The distance checks are completely unreliable. Early on, the Foursquare phone app started using GPS or other location information to verify that you were near your check-in spot. But I've been denied plenty of legitimate check-ins because the app was gathering the wrong data. It wasn't the phone's fault. Google Maps found me with no trouble. But Foursquare thought I was too far away from Whole Foods to earn a check in.
So, I exploit that. Sometimes the app seems to forget to check your distance. This is how I managed a check in at a taco shop more than 10 miles away. I just searched for the location and tried to check in. A few times, it worked. A few other times, it did not.
Foursquare is also in serious need of some curation. I decided I wanted to become the mayor of my apartment complex. But when I started checking in, I found four or five listings for the same address. All of them had different mayors, even though they all pointed to the same address.
Pro Tip: Don't really check into your home or building on Foursquare. There are obvious safety implications in telling people when and where you will and won't be at a given time. I check into the apartment complex next door, and count that as a check in for my pad. When I lived in a house, I created a location with a nearby address. Close enough that Foursquare would find it, but not close enough that psychopaths would find me.
Foursquare also needs better recognition of the categories of the places you check in. I checked into a maritime museum and earned the coveted "I'm On A Boat!" badge. Then, when I actually checked in from a boat for the first time, there was no reward. It was a completely anti-climactic Foursquare experience.
I'd also like to know how many check-ins it really takes to become mayor, and how that works. I checked into a lunch spot in San Francisco two days in a row and became mayor. How could that be? It's a very popular place (Gott's Roadside). I can't imagine my two consecutive visits earned me the mayor spot. Less than a week after I left San Francisco, I was replaced, but that's only surprising that I held the title so long.
Nitpicking? Sure, but the confusion that Foursquare creates about the rules, and the inconsistency in their application, makes the game much less fun. And it is certainly a game.
[aquote]I use Foursquare as a power play in my own pathetic social life[/aquote]
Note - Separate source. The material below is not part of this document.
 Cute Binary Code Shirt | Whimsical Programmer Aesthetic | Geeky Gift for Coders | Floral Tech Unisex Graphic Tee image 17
So, I started to think about what I really wanted out of this game. Which brings me to the second reason I cheat. I don't really care about winning at Foursquare. I just want to make myself seem more tech savvy than my luddite friends, who dabble in the game but can't quite keep up. I want to use Foursquare as a power play in my own pathetic social life. I want to use it to rib and needle, to tease and brag. I like to mark my spots in a strange city so local friends can find me and distant friends can make recommendations. But most of all, I play the game my own way.
I certainly don't feel bad about cheating. This isn't Words With Friends, after all. I can't tolerate cheating in Words With Friends. My friends think I'm a formidable player at Words With Friends because I used to be an English teacher, but my Scrabble skills are surprisingly mediocre. But what skill I do have is knowing exactly what vocabulary words someone does or does not know. After years of reading essays from 14 year olds cribbed directly from Wikipedia, I have a great idea of whether you really know what a Qat is, or whether you're just randomly placing tiles.
The same folks who cheat at Words With Friends are the ones now beating me at Foursquare. Not because they've been taking trips to fascinating locations or racking up mayorships left and right. No, these are the folks who check in at the gas station, and the ATM machine, and McDonald's, and their bathroom, and everywhere else they pause for even the slightest moment. The folks who earn astronomical Foursquare scores by marking their place at the most mundane spots in their lives. To me, those are the folks who are ruining my game. But I'm a cheater, so what do I know?